• **Prompt**
With pictures excluded, give again exactly the lines running from the one holding "Eleonore36's tweet photo." through the end of the listing below.

• **Supplied data**
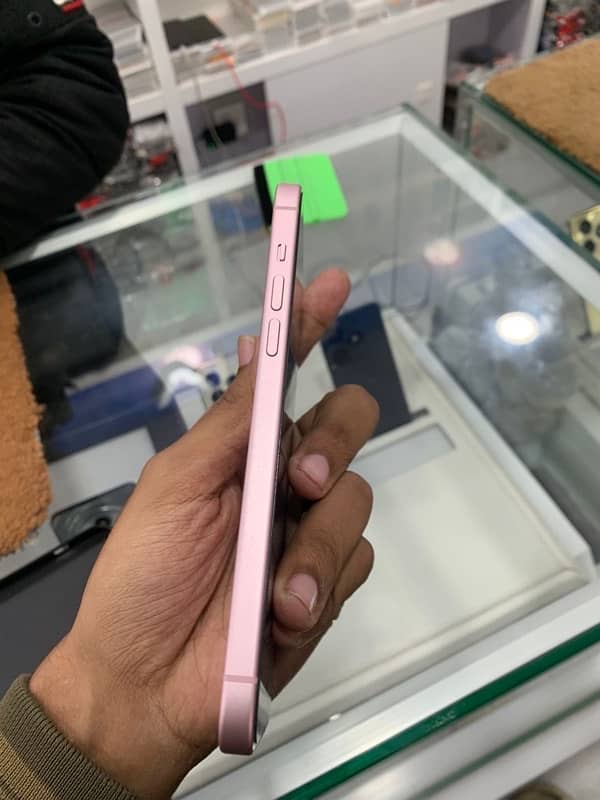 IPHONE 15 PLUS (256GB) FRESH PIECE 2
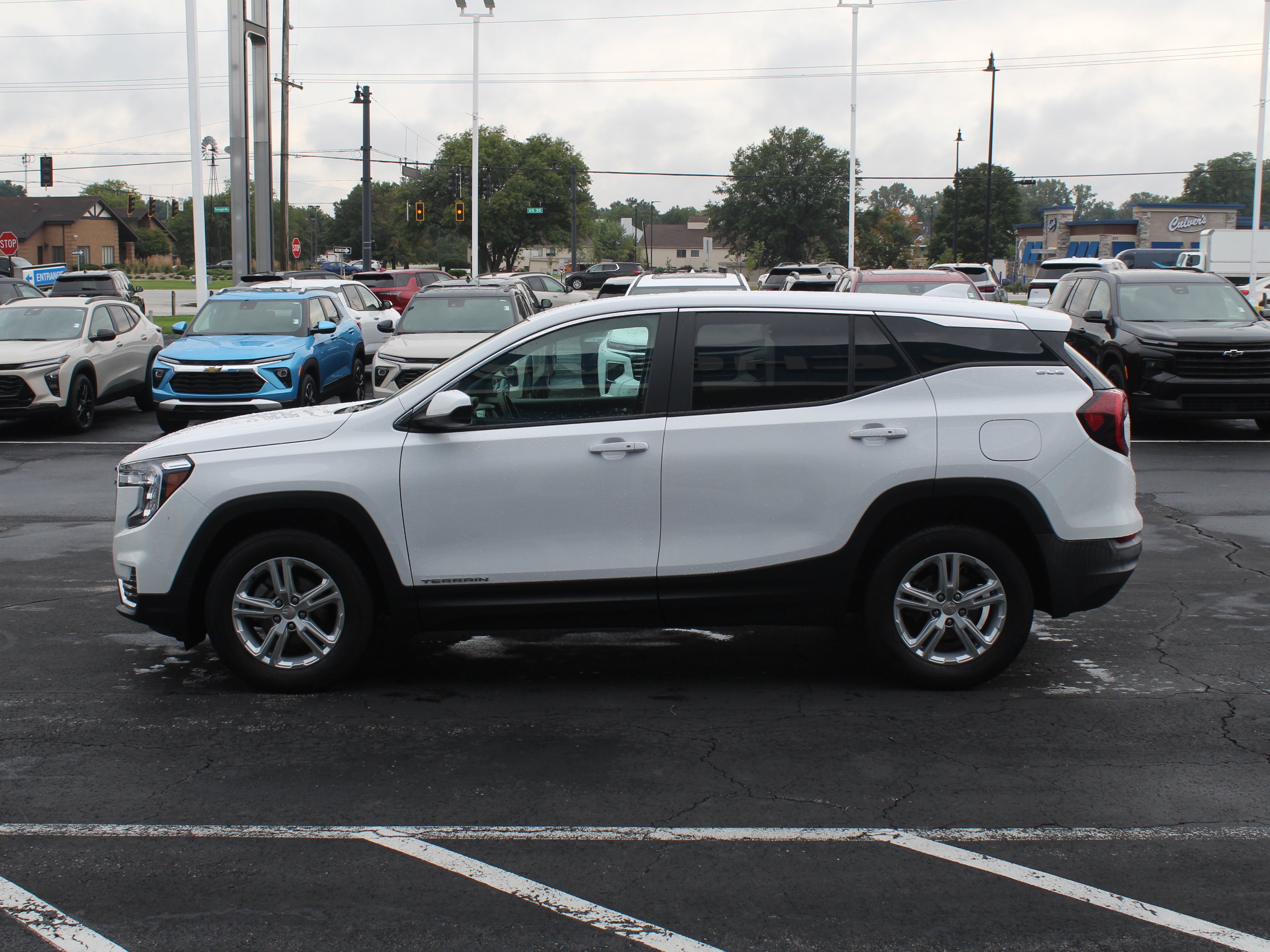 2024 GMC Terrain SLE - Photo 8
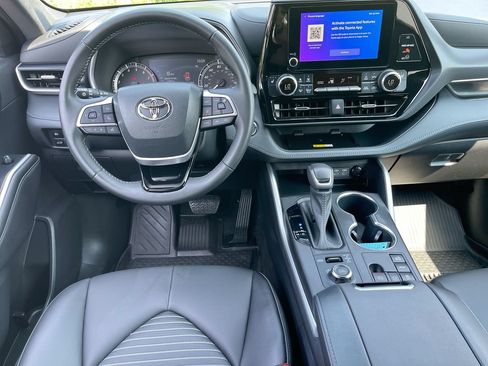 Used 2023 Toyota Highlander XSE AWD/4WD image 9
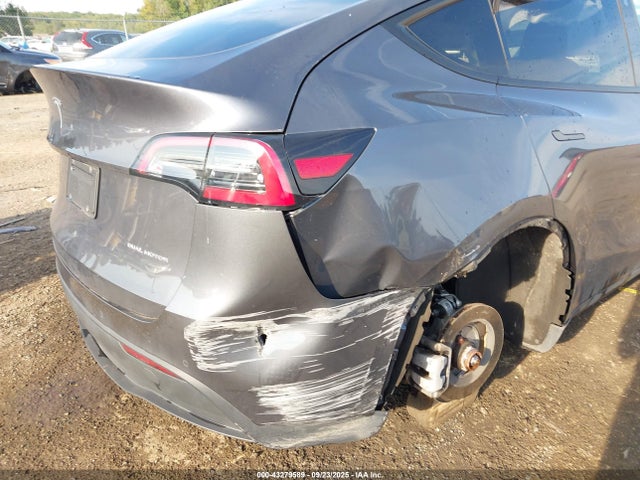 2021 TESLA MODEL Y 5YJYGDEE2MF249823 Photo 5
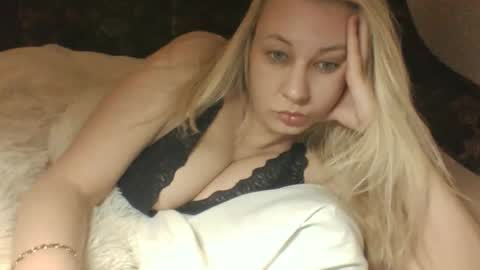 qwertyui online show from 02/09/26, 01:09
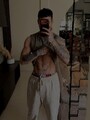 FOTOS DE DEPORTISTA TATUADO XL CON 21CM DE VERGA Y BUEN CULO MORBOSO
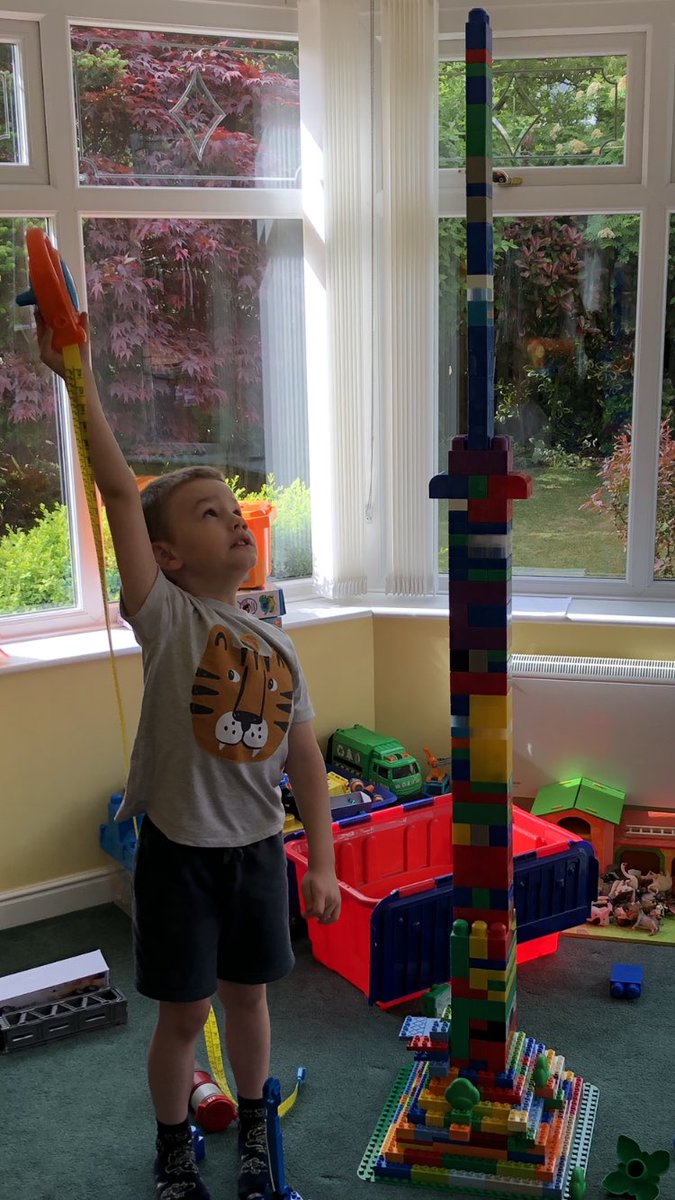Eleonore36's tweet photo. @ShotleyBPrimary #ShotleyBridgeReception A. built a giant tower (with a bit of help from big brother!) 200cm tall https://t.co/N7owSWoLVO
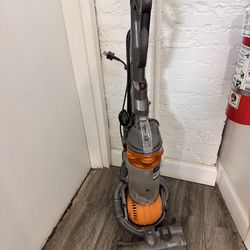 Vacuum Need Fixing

• **Written answer**
Eleonore36's tweet photo. @ShotleyBPrimary #ShotleyBridgeReception A. built a giant tower (with a bit of help from big brother!) 200cm tall https://t.co/N7owSWoLVO
 Vacuum Need Fixing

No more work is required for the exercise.